EUGENE, Ore. -- Oregon athletic director Rob Mullens says the Ducks actively work to address possible illegal substance use by student-athletes.
Following a report that estimated 40 to 60 percent of the football team smoked marijuana, Mullens issued a statement Wednesday addressing the story in ESPN The Magazine, which accompanies a larger piece that looks at marijuana use among college football players.
More: Read the ESPN story
The Oregon story is based on interviews with 19 current or former Oregon players and officials.
In response, Oregon Ducks head football coach Chip Kelly told the Associated Press Thursday afternoon that he believes the report was inaccurate.
Kelly said he doubts the Ducks would be as successful as they have been over the past few years if that many players were smoking marijuana. Oregon is 34-6 in three seasons under Kelly. This past season, the Ducks defeated Wisconsin 45-38 in the Rose Bowl.
Mullens also said earlier that that Oregon tests student-athletes to the full extent possible under Oregon state law, which prohibits random drug tests.
The school's policy allows for testing when there is a "reasonable suspicion."
Oregon's sanctions include ineligibility for half of a season following a third drug positive test, and dismissal from the team and loss of scholarship for the fourth.

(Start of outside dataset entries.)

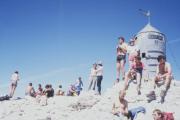 Triglav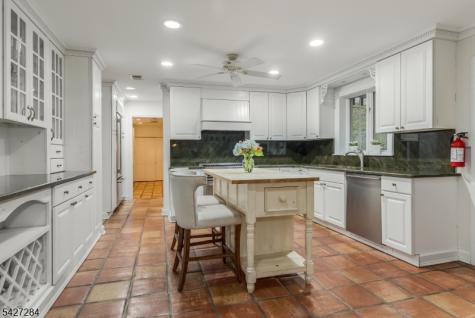 4 Edward Shippen Lane Morris NJ 07960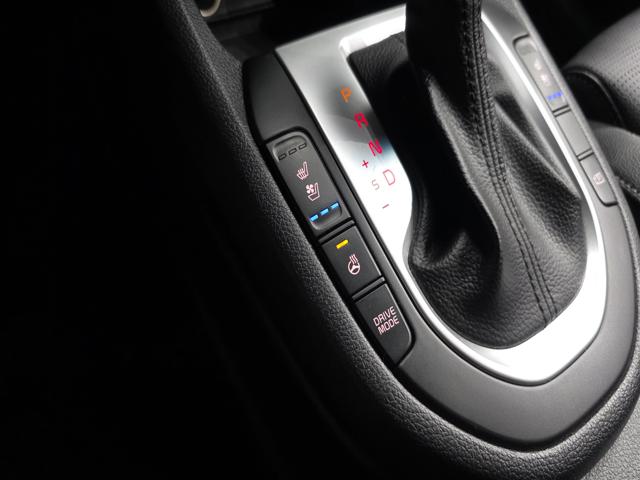 5156ff3100cc40d8e5edaaf5f572efff.jpeg
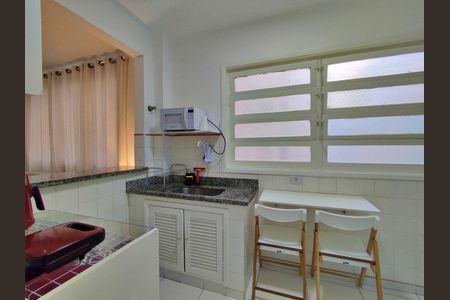 5_photo/94d1fe3ca7.c0cf794f774eb854-ATLAS-5ce0f52c-a047-47f2-9143-ad594e3788ca.jpg de kitnet/studio à venda com 1 quarto, 38m² em Centro, Guarujá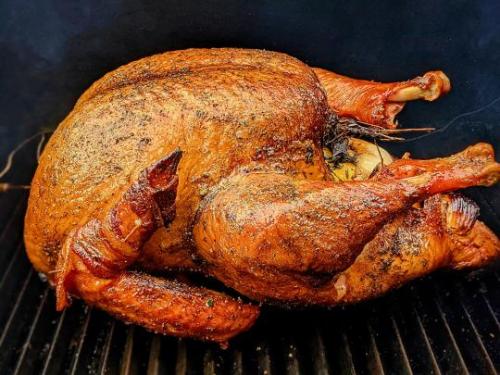 tumblr_b166837654f71259086a342d715037c3_688ec881_540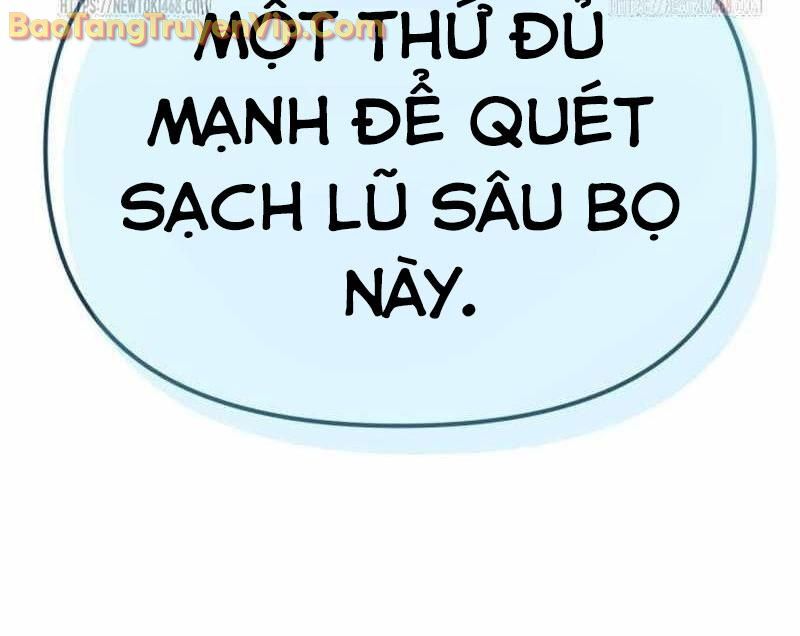 Mạt Thế Hậu Cần - Chapter 43 - Page 197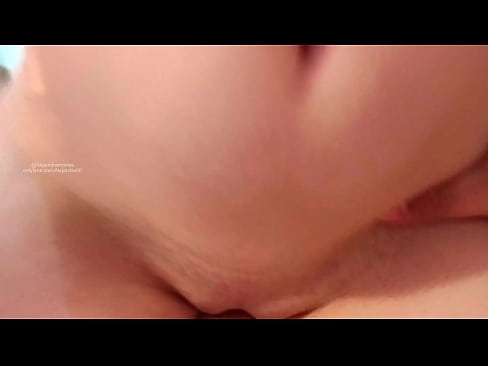 ❤️ Durmindo no cuarto da miña irmá e así espertei Sexo de calidade en % gl.milf300com.ru % ❌️❤
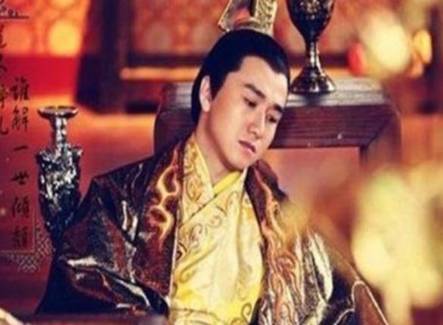 北齐历史图片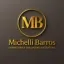 Michelli Barros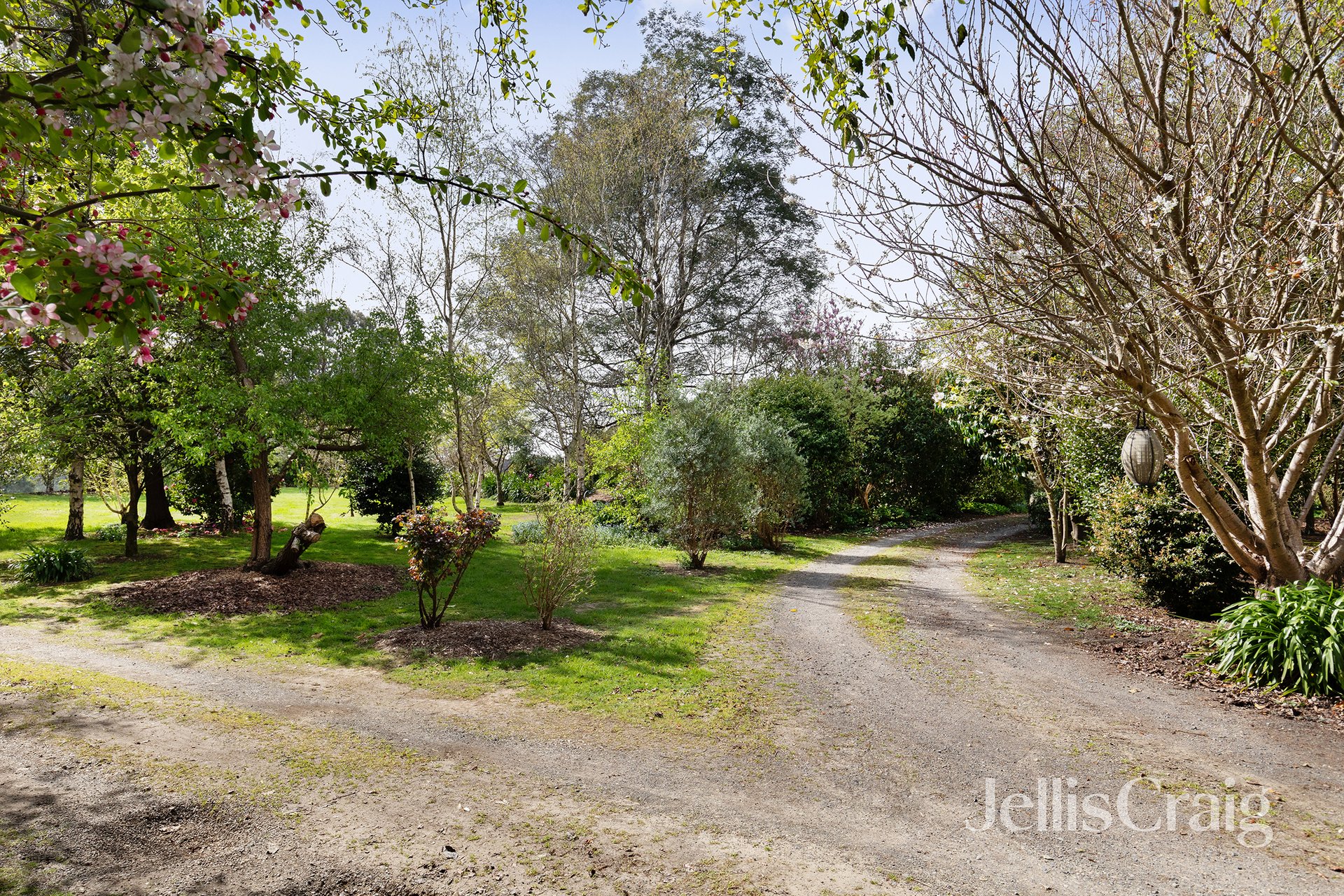 9 Edward Staff Drive, Kinglake image 11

Players on the team have received lots of attention for use of marijuana, some of it very unflattering, like a traffic stop where a player can be heard on a trooper's microphone 'we smoked it all.'
“Student-athlete welfare is of the utmost importance to the University of Oregon. Similar to many college campuses wrestling with the same issue, the University of Oregon actively works to address potential use of any illegal substance through a combination of education, prevention and enforcement activities. Student-athletes at the University of Oregon are tested for illegal substances to the full extent possible under existing Oregon state law, which prohibits random testing. We continue to work diligently to educate our student-athletes on the harmful impact of illegal substances. In addition, we have articulated our illegal substances policy to our student-athletes and have clearly defined sanctions for a positive test.”